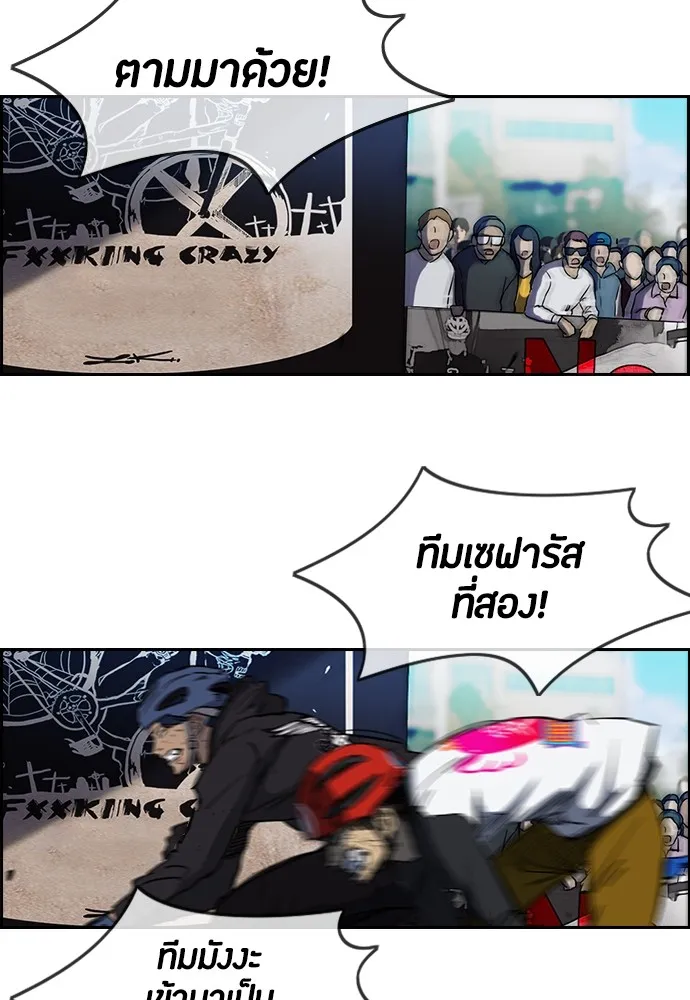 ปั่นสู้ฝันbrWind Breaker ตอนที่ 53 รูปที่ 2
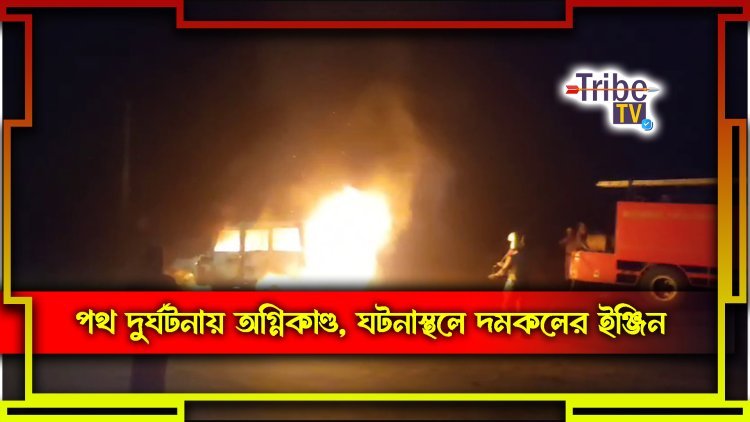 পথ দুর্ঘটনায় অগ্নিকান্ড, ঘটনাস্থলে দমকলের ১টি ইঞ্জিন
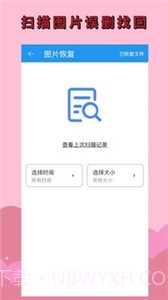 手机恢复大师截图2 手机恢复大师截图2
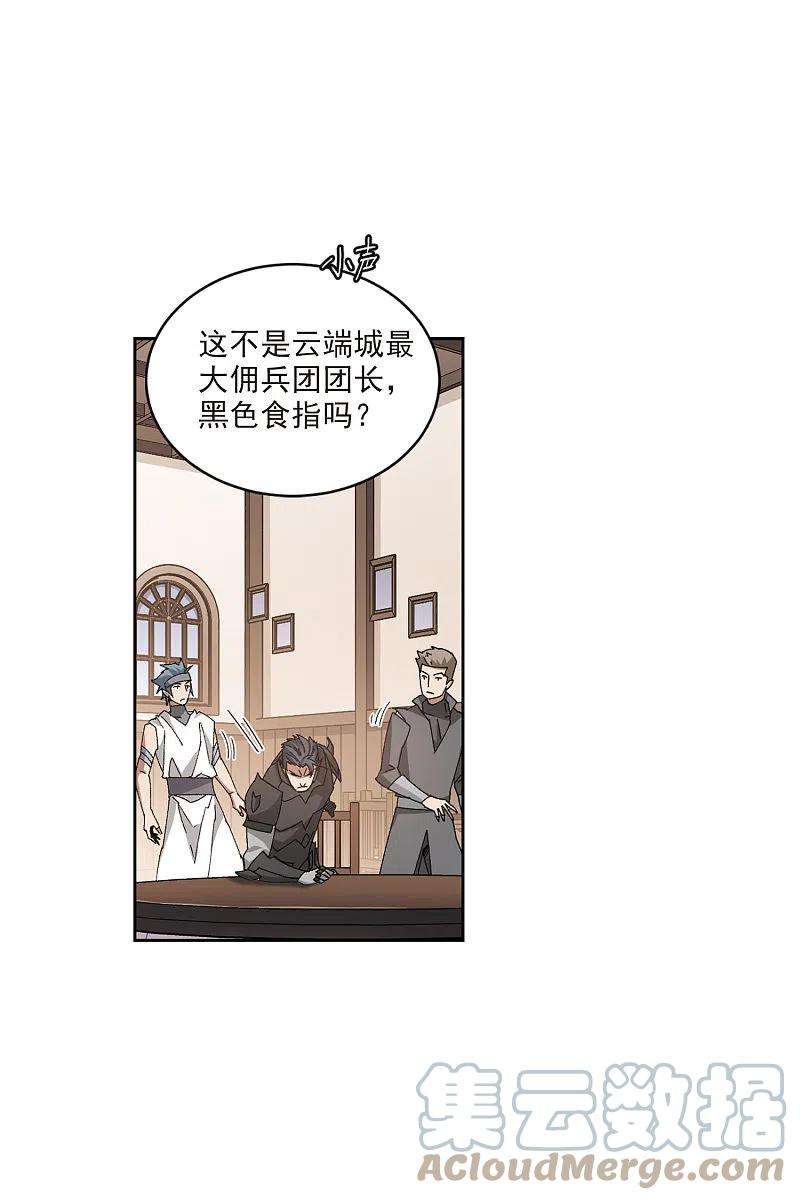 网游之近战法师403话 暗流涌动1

--

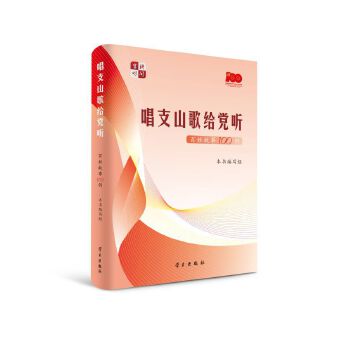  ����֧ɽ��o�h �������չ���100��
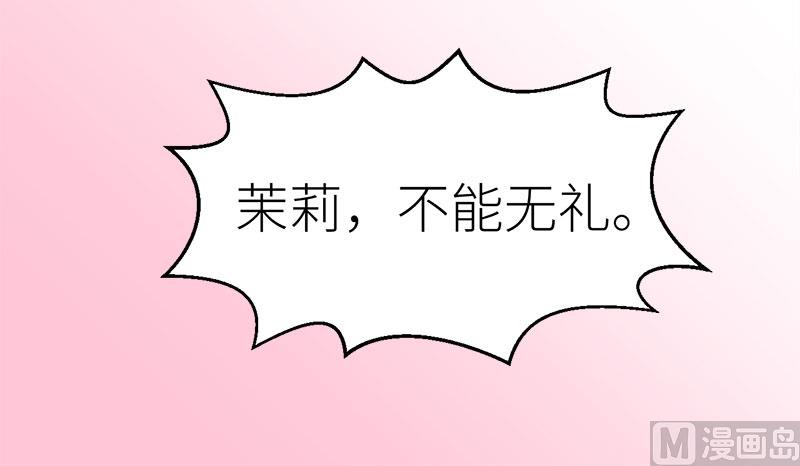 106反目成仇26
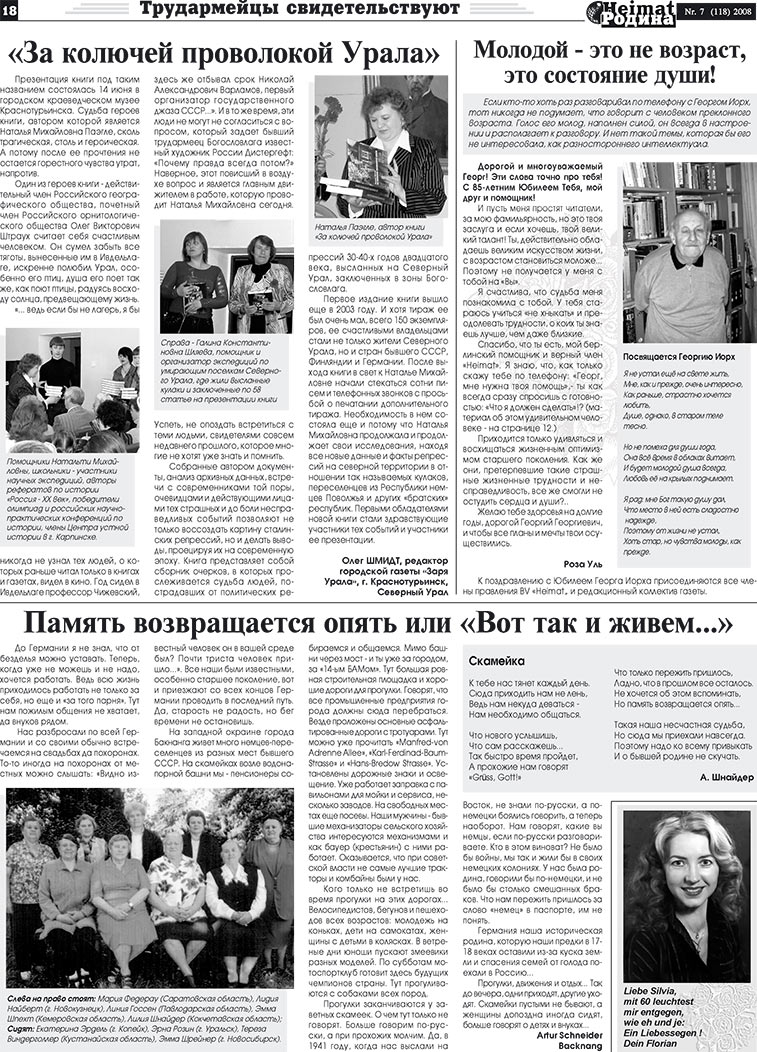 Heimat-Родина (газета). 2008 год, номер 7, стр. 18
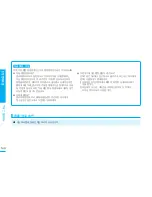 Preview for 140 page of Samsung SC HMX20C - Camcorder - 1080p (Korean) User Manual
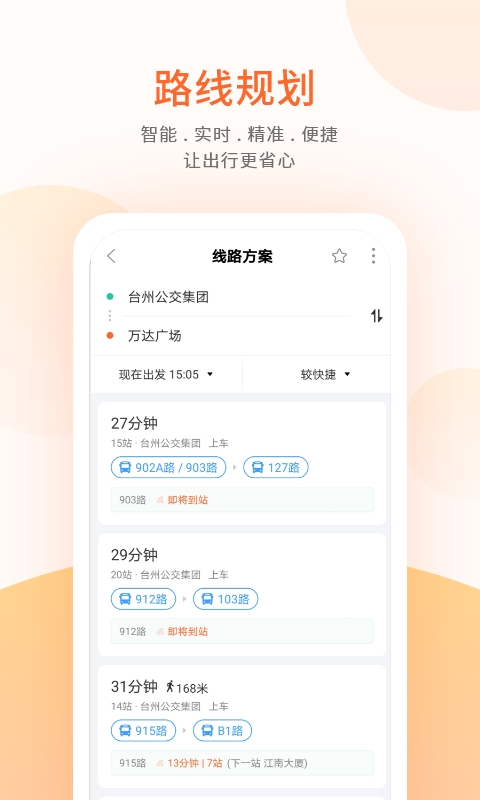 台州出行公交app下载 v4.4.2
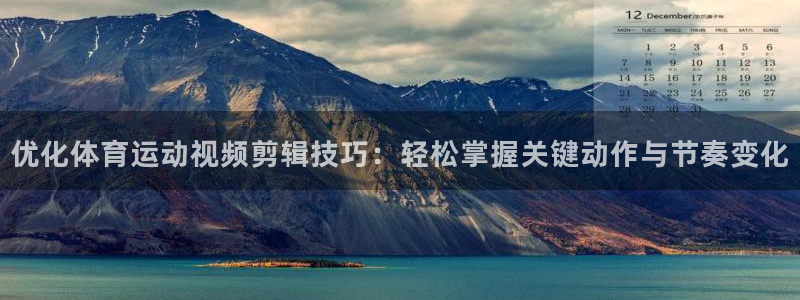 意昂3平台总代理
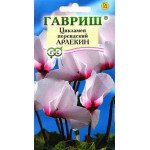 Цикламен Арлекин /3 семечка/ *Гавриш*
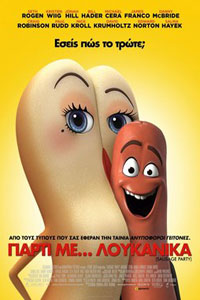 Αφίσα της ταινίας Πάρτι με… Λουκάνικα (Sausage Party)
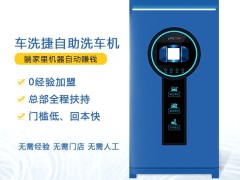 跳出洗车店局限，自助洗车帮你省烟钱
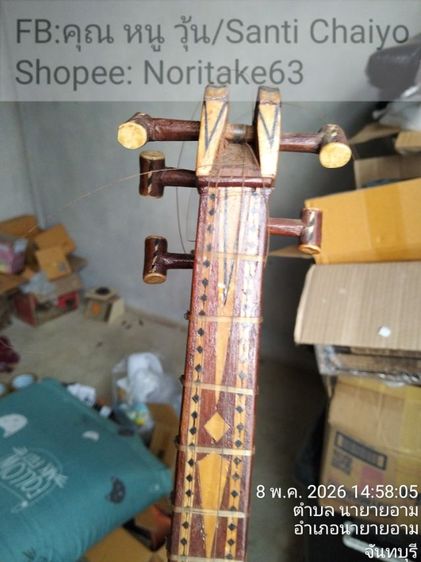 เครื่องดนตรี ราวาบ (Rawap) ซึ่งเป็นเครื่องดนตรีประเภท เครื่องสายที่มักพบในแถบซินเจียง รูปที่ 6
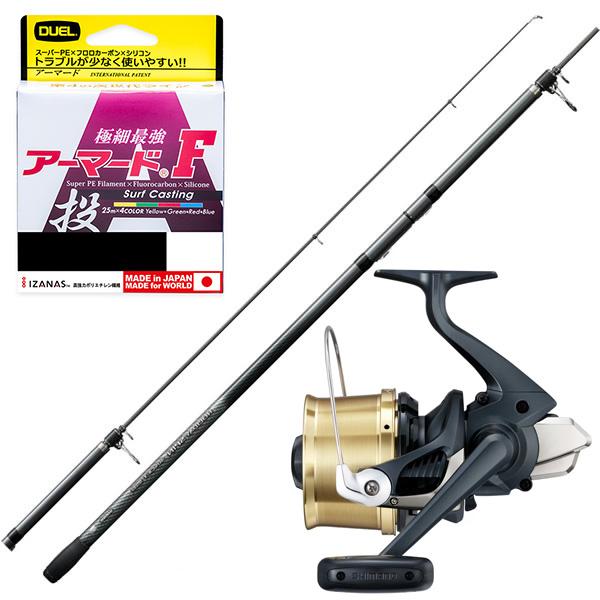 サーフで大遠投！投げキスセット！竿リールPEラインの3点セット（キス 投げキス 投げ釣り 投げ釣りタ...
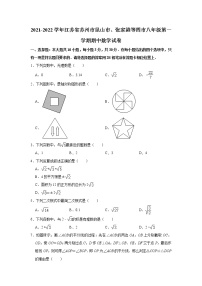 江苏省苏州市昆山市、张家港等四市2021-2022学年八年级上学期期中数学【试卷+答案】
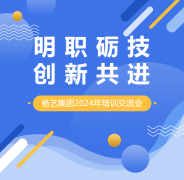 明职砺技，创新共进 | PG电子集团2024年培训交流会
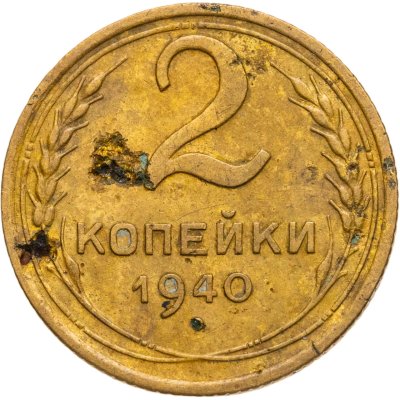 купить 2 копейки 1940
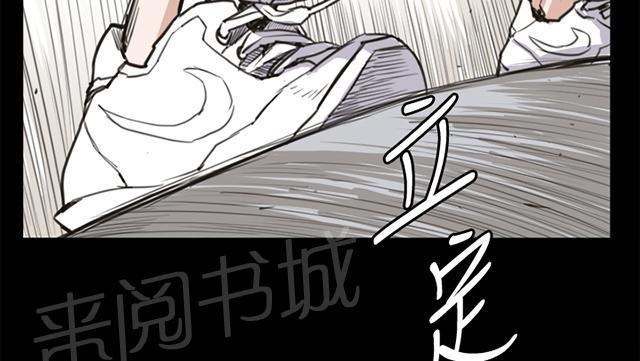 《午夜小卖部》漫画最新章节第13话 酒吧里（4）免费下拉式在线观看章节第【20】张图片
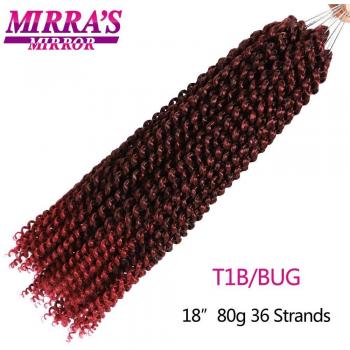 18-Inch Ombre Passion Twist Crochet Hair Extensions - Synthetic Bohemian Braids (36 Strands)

--

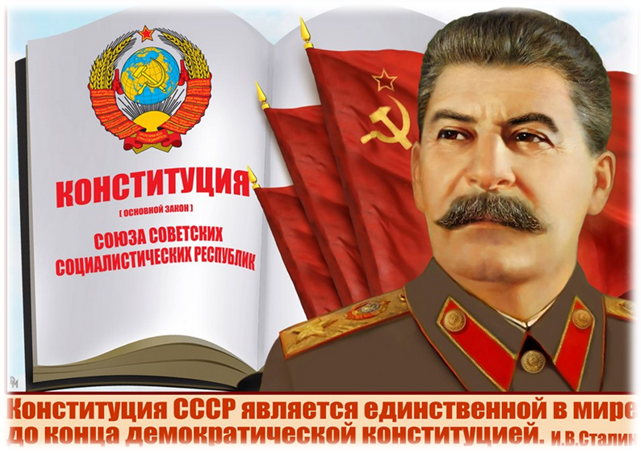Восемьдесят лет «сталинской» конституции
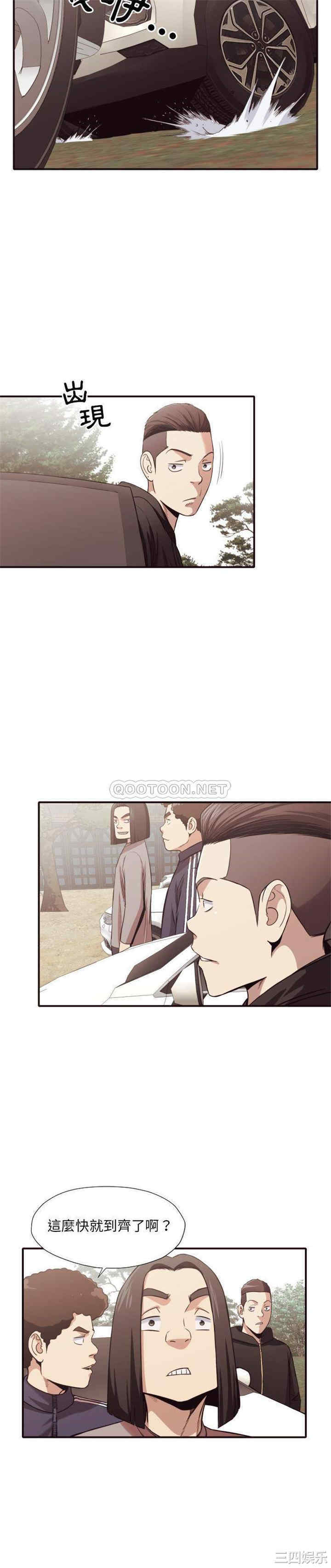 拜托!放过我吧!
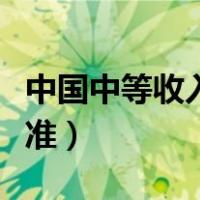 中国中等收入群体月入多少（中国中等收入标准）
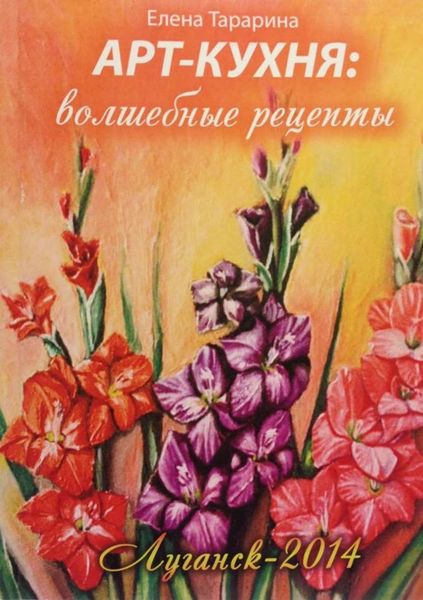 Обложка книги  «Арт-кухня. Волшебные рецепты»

_Work item_
Go down the entries above from the line containing "江苏省苏州市昆山市、张家港等" to the line containing "18-Inch Ombre Passion" and write out each line exactly, leaving pictures out.

_Task answer_
 江苏省苏州市昆山市、张家港等四市2021-2022学年八年级上学期期中数学【试卷+答案】
 明职砺技，创新共进 | PG电子集团2024年培训交流会
 купить 2 копейки 1940
 《午夜小卖部》漫画最新章节第13话 酒吧里（4）免费下拉式在线观看章节第【20】张图片
 18-Inch Ombre Passion Twist Crochet Hair Extensions - Synthetic Bohemian Braids (36 Strands)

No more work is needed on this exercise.